One thing, however, troubled his joy on this auspicious event. Henry had probably studied the so-called science of astrology at Oxford, for it was part of the mass of rubbish regarded as real knowledge at that time. On leaving England, therefore, he strictly enjoined Catherine not to lie in at Windsor, for he had ascertained that the planets cast forward a lowering shadow upon Windsor, in the week when she might expect her confinement. From waywardness, or some other cause, Catherine specially chose as the place of her accouchement the forbidden spot—a conduct which she lived bitterly to rue. On the news being brought to Henry at Meaux, he eagerly demanded where the boy was born, and on being told it was at Windsor, he appeared greatly struck and chagrined, and repeated to his chamberlain, Lord Fitzhugh, the following lines:—
"I, Henry, born at Monmouth,
Shall small time reign and much get;
But Henry of Windsor shall long reign, and lose all.
But as God wills, so be it."
It is probable that these were sentiments which the king expressed, and that they owe their sibylline form to some chronicler or astrologer of the time. It is certain that Speed, Stowe, Fabyan and Holinshed concur in saying that the king "prophesied the calamities of Henry VI." The boy was born on the 6th of December, 1421. On hearing of the fall of Meaux, Catherine left her infant to the care of its uncle, the Duke of Gloucester, and hastened to join Henry in France.

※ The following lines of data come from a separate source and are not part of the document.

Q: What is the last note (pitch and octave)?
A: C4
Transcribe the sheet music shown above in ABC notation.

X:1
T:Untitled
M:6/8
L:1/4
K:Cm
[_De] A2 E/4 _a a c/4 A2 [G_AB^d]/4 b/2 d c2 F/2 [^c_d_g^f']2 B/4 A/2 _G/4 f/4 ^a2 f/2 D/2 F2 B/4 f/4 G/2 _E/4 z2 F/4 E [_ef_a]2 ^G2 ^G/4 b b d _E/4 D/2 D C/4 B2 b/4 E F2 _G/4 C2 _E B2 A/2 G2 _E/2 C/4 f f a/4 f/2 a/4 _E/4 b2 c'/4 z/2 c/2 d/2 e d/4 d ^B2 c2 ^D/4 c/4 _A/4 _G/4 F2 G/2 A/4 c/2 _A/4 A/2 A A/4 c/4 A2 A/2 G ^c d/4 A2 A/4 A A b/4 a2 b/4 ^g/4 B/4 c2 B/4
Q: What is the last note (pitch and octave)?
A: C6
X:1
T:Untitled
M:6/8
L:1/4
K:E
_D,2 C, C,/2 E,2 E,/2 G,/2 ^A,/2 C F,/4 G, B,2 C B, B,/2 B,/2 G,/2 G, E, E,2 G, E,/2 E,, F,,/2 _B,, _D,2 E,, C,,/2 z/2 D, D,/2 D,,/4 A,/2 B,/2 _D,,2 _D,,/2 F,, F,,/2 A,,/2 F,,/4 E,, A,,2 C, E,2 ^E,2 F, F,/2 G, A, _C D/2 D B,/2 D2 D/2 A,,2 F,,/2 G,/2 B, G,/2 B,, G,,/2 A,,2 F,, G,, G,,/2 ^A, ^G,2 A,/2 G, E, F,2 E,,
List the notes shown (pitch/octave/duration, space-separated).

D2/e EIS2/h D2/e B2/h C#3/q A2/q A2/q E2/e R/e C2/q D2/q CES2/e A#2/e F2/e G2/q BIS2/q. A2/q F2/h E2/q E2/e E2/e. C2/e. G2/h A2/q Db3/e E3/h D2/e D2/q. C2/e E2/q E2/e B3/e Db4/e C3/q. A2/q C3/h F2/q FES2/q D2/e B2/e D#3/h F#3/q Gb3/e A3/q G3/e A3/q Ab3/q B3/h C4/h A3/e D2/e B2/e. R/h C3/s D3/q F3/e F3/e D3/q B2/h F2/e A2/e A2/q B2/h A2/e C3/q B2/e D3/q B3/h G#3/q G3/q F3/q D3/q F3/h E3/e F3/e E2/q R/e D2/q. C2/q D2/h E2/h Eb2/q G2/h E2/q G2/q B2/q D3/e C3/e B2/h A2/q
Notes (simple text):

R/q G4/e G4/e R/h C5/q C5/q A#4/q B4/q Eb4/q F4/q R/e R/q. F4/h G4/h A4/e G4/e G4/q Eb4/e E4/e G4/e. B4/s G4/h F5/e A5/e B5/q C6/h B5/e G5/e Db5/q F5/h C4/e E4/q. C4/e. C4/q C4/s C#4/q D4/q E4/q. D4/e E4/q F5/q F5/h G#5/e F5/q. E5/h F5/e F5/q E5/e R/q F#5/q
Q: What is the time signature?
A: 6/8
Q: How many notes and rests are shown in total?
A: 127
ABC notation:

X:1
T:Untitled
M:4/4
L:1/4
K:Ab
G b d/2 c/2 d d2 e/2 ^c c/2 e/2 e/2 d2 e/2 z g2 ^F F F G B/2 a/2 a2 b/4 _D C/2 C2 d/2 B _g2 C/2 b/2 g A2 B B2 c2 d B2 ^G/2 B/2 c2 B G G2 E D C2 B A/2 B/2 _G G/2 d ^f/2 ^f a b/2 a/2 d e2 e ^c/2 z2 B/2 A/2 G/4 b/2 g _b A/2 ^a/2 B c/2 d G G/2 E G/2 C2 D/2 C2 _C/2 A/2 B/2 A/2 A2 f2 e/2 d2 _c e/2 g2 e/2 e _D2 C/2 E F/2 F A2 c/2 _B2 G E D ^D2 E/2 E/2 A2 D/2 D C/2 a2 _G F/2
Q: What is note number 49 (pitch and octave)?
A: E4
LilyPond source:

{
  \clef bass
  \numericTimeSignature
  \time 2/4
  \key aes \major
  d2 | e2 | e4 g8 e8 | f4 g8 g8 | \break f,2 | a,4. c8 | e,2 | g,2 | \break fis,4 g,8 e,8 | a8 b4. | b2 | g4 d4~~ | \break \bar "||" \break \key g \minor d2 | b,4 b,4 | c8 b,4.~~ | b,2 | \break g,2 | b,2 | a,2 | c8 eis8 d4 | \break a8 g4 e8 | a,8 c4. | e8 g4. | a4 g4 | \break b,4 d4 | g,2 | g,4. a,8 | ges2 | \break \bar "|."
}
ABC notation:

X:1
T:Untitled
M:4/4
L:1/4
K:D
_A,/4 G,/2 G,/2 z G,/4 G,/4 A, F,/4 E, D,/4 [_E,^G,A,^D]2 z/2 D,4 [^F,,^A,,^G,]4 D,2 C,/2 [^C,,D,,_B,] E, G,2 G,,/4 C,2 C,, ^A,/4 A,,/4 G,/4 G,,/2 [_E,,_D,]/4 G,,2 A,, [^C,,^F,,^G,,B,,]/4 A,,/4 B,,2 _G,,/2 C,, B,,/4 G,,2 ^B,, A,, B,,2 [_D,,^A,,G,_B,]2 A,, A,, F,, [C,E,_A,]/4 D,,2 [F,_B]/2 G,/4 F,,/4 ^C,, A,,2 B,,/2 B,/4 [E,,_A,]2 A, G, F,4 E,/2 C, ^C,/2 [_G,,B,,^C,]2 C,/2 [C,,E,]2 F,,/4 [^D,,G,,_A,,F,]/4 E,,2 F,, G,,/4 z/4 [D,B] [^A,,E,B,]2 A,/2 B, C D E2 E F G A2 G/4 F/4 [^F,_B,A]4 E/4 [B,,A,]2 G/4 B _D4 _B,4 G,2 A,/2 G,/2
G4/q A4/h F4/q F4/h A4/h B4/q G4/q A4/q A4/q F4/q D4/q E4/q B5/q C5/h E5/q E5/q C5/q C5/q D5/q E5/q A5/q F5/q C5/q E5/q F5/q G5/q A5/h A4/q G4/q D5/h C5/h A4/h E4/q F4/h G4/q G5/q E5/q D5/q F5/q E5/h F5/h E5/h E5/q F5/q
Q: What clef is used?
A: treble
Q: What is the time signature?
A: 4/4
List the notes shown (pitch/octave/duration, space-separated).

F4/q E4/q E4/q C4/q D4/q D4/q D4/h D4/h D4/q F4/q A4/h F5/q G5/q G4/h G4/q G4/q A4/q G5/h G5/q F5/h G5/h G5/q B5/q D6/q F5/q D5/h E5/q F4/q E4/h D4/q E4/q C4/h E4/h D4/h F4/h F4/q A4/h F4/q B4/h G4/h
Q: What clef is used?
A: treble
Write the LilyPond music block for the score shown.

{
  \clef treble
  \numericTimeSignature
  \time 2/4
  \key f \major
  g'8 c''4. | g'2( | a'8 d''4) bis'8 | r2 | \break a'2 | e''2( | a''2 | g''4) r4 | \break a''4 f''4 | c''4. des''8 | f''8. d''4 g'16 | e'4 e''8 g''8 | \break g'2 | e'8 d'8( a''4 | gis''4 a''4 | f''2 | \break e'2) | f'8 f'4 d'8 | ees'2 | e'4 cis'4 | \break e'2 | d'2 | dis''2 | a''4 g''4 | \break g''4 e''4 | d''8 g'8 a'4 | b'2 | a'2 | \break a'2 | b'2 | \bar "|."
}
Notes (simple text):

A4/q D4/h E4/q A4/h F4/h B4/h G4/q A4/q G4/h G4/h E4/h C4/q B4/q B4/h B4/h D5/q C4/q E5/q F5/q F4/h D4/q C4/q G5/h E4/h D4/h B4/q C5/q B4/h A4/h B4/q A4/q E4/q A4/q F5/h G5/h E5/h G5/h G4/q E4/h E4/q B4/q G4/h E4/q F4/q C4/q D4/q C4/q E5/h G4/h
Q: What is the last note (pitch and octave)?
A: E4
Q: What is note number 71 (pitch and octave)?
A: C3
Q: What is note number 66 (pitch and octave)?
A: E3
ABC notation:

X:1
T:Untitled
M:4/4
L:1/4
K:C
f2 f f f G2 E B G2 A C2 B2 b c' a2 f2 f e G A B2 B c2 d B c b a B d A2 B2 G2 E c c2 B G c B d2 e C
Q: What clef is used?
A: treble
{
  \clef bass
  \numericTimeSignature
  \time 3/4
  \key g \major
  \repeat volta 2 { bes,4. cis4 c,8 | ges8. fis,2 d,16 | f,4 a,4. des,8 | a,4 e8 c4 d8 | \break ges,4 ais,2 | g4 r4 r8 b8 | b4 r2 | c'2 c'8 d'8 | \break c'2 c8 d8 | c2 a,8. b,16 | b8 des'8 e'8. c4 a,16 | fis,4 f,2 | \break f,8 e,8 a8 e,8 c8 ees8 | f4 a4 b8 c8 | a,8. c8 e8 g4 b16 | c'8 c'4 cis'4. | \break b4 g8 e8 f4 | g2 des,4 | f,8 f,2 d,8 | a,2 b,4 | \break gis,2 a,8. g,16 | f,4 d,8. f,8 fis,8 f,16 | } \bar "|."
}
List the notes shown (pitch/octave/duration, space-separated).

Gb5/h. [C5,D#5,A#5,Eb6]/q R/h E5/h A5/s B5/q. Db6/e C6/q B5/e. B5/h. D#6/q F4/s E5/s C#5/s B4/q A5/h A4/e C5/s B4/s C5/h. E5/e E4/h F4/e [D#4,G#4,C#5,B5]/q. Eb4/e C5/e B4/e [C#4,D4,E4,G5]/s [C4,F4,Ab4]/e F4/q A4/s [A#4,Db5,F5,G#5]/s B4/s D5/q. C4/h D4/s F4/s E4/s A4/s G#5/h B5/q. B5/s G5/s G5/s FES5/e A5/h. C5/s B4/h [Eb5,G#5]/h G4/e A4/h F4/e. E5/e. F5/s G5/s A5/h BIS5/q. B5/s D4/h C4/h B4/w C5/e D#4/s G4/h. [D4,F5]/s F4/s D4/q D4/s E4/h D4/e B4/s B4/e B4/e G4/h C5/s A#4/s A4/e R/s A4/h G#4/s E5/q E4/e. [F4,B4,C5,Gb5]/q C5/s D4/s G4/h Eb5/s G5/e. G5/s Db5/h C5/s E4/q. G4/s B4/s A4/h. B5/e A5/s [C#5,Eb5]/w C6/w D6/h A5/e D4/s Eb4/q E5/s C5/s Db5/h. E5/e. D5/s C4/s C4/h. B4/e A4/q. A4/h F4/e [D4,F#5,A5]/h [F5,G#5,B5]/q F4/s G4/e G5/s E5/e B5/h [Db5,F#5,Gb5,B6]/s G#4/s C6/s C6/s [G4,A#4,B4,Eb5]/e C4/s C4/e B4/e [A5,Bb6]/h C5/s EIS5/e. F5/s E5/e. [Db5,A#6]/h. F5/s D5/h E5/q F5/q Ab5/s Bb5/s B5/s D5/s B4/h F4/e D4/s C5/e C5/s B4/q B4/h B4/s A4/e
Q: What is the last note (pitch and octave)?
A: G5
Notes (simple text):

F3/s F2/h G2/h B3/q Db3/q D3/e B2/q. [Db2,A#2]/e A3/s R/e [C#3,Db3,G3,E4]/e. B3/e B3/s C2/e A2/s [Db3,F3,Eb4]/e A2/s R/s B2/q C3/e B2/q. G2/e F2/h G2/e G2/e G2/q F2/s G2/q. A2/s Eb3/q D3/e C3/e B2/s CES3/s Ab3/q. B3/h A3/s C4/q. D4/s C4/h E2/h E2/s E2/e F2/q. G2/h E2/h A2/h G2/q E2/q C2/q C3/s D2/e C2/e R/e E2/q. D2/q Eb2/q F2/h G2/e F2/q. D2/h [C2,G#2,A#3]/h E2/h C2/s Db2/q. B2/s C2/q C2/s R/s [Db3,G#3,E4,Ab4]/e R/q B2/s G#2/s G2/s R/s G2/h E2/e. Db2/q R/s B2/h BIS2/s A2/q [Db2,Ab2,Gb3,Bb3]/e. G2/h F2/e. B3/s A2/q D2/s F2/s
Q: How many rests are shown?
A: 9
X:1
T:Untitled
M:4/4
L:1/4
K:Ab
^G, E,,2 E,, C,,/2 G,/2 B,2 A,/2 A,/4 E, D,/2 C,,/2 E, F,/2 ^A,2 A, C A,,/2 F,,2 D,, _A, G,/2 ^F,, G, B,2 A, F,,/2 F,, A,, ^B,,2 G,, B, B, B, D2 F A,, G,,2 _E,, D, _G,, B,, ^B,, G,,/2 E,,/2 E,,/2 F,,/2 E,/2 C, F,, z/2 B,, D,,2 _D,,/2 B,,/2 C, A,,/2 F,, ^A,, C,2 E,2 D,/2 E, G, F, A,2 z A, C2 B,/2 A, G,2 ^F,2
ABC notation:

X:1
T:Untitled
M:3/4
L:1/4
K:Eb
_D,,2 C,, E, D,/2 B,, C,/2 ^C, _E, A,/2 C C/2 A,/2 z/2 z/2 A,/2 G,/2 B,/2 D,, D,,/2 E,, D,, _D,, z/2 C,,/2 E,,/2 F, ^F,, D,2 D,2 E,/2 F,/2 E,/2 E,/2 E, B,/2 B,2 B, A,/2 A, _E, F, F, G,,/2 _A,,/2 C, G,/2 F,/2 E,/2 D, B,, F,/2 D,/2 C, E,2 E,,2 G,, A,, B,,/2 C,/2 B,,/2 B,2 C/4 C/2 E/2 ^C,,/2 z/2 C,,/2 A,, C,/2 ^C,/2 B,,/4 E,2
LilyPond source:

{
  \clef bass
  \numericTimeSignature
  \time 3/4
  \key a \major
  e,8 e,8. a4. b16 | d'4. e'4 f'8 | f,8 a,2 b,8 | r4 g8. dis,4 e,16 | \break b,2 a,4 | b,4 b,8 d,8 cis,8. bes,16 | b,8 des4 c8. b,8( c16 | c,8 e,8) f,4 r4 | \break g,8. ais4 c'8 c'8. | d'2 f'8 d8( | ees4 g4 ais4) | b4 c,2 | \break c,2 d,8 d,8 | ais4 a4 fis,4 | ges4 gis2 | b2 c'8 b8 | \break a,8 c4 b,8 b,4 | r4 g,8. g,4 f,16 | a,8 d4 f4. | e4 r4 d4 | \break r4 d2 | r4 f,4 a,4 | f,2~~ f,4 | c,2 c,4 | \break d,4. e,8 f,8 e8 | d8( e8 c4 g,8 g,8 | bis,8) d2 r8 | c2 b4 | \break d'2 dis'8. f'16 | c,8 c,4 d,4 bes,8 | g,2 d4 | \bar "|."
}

She was escorted by the Duke of Bedford and 20,000 fresh troops, to enable Henry to complete the conquest of her brother and his unhappy country. She landed at Harfleur on the 21st of May, where she was received with great state and rejoicing by numbers of noblemen and gentlemen, who accompanied her on her route to Paris by Rouen to the Bois de Vincennes, where her father's court resided. Henry set out for Meaux to meet her there, and thence the two courts proceeded together to Paris to spend the festival of Whitsuntide.
But in the midst of these gay though unsatisfactory rejoicings there came a pressing message from the Duke of Burgundy to Henry, entreating him to hasten to his assistance against the Dauphin. Those sturdy Scots who had made such havoc amongst Henry's troops at Beaugé, were still in the country; and the Dauphin, collecting 20,000 men in the south, had put them under the command of the Earl of Buchan, the leader of those troops. They had crossed the Loire, taken La Charité, and proceeded to invest Cosne. At Cosne the Dauphin joined Buchan; and the Duke of Burgundy, to whom these towns belonged, seeing that his hereditary duchy of Burgundy would next be menaced, was most urgent in his appeal to Henry to fly to his assistance.